On the Expressive Power of GNNs to Solve Linear SDPs¶

Conference: ICML 2026
arXiv: 2604.27786
Code: Not available
Area: Optimization / Graph Neural Networks / Learning to Optimize
Keywords: Semidefinite Programming, GNN Expressive Power, Weisfeiler-Leman, PDHG, warm-start

TL;DR¶

This paper characterizes for the first time the minimum GNN expressive power required to learn solutions for linear SDPs from the perspective of the Weisfeiler–Leman (WL) hierarchy. It proves that standard variable-constraint bipartite message passing (VC-WL) and higher-order VC-2-WL are insufficient. In contrast, the VC-2-FWL architecture, equivalent to 2-FWL, is shown to be sufficient for simulating the update steps of the PDHG solver. Using high-quality predictions as a warm-start on synthetic data and SDPLIB benchmarks results in speedups of up to approximately 80%.

Background & Motivation¶

Background: Applying GNNs to learn solutions (learning-to-optimize, L2O) for Linear Programming (LP) and Mixed-Integer Linear Programming (MILP) is relatively mature. The dominant approach constructs a bipartite graph of constraints and variables and employs message passing equivalent to 1-WL (e.g., GNNs aligned with IPM/PDHG by Gasse et al.). This approach can approximate optimal solutions or significantly accelerate IPM for small-to-medium-scale problems.

Limitations of Prior Work: Directly applying the same logic to Semidefinite Programming (SDP) fails. The core variable in SDP is not a vector of components but an entire symmetric positive semidefinite matrix \(X \in S^n_+\), where entries \(X_{ij}\) are equivariant under simultaneous row and column permutations. Traditional Variable-Constraint (V-C) bipartite graphs cannot represent this second-order symmetry, preventing GNNs from fitting the optimal solution regardless of training duration.

Key Challenge: While existing L2O literature defines the expressive power thresholds for LP/QP/SOCP (where 1-WL is mostly sufficient), the "Constraint-Variable-Entry" structure of SDP involves a third-order tensor structure. The question of which level of WL is sufficient to recover the optimal solution remains unanswered, which has stalled the development of "Neural SDP Solvers."

Goal: 1) Formalize the minimum expressive power required for the mapping from an SDP instance to the optimal matrix solution \(X^*\); 2) Prove the impossibility of standard GNN-like architectures; 3) Propose a sufficient architecture and validate it experimentally; 4) Utilize predictions as a warm-start for classical solvers.
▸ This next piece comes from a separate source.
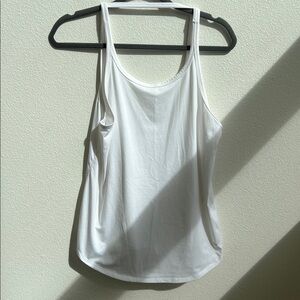 Nike Women's Get Fit Training Tank Top, white, size small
Key Insight: The authors represent the SDP as a "hypergraph" composed of constraint matrices \(A_k\), the objective matrix \(C\), and the variable matrix \(X\). By applying 1-WL/2-WL/2-FWL hash updates to this tensor graph, they construct VC-WL, VC-2-WL, and VC-2-FWL respectively. Sufficiency is proven by simulating the First-Order Solver PDHG—if a GNN can simulate a single iteration of the solver, it can necessarily approximate the converged solution.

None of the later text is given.